= BBC gender-pay-gap controversy =

The BBC gender pay gap controversy refers to a series of incidents in 2017 and 2018.

==Initial revelations==
In July 2017, in response to a demand from the UK government as a condition of its new royal charter, the BBC published a list of all employees who earned more than £150,000. (Note: The list included only compensation paid directly from BBC's license fees; payments from BBC Worldwide and payments made through independent production firms were not included.) Of the 96 BBC employees making over this threshold, 62 were men and 34 were women, and of the seven highest earners, all were men. The disclosure prompted criticism of the BBC over the gender pay gap; other critics also criticised a lack of ethnic diversity among the highest-earning BBC personalities. Some commentators, however, argued that the mandatory disclosures were an effort by Theresa May's government to undermine the BBC.

==Carrie Gracie resigns as China editor==
Early in January 2018, it was announced that Carrie Gracie, the BBC's China editor, had resigned from the role because of the salary gender disparity. A pre-broadcast conversation between Today presenter John Humphrys and Jon Sopel, the BBC's North America editor, was leaked a few days later. Humphrys was recorded joking about the disparity. BBC management itself was said to be "deeply unimpressed" with Humphrys comments. Because of the BBC's impartiality rules, Woman's Hour presenter Jane Garvey, a prominent advocate of equal pay at the BBC, was unable to conduct an interview with Gracie on the programme, while You and Yours presenter Winifred Robinson was briefly taken off-air for tweeting her support for Gracie. More than a fortnight later, it was reported Conservative Culture minister Tracey Crouch, and other female MPs, have refused to be interviewed by Humphrys in response to his comments about Gracie's resignation. Although reported by Anushka Asthana, co-political editor of The Guardian, and other media sources, Crouch has not commented about the issue.

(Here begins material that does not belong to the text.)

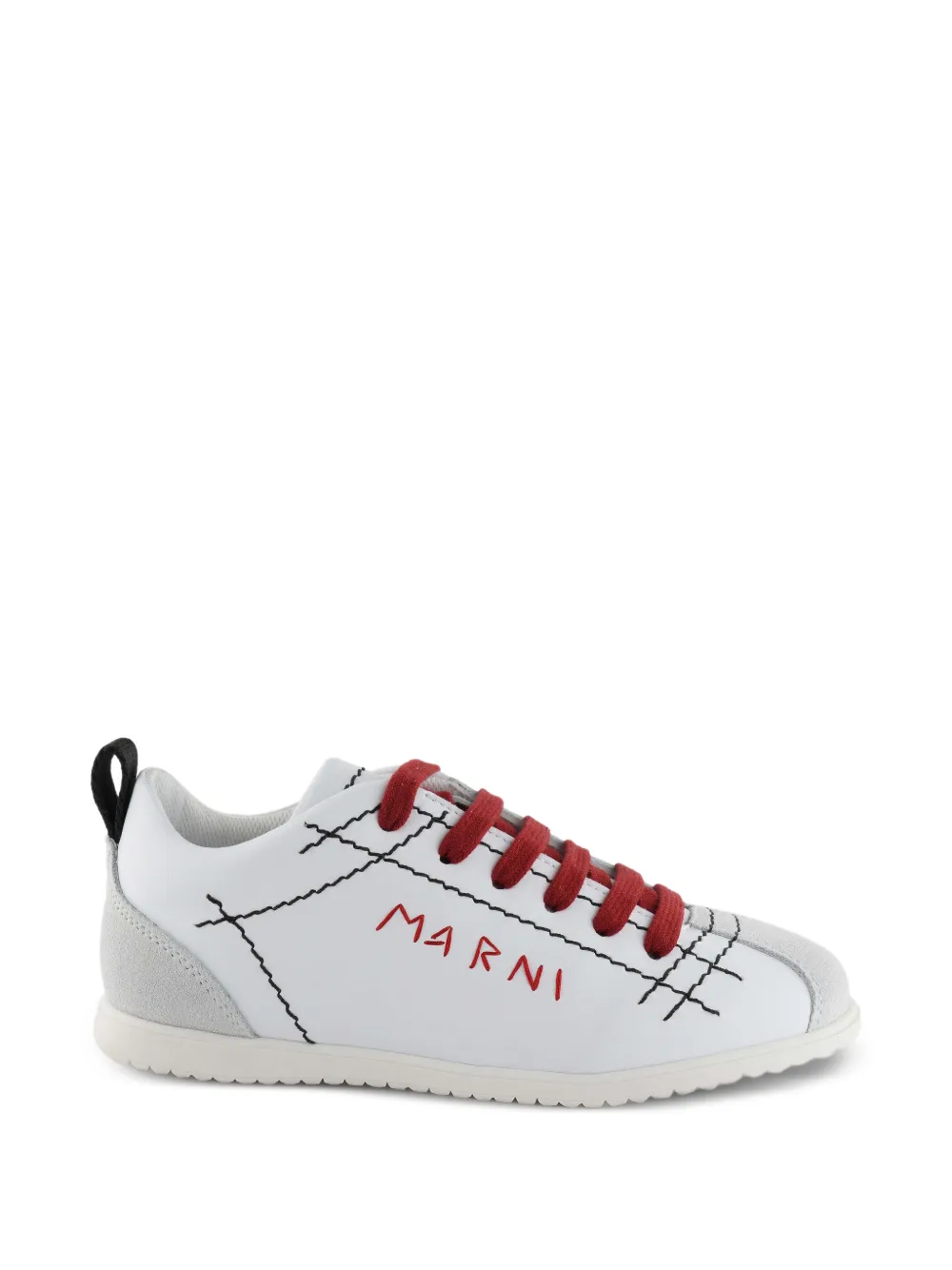 Marni Kids Sneakers met contrasterende stiksels Wit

==Male presenters pay cut==
It became known on 26 January 2018 that some of the BBC's leading male presenters would take a pay cut. According to the BBC's media editor Amol Rajan, Huw Edwards, John Humphrys, Nick Robinson, Jon Sopel and Jeremy Vine, have agreed to a salary reduction. Nicky Campbell, radio 5 live presenter, also told his listeners that he would be taking a pay cut. An independent audit investigating equal pay at the BBC is due shortly.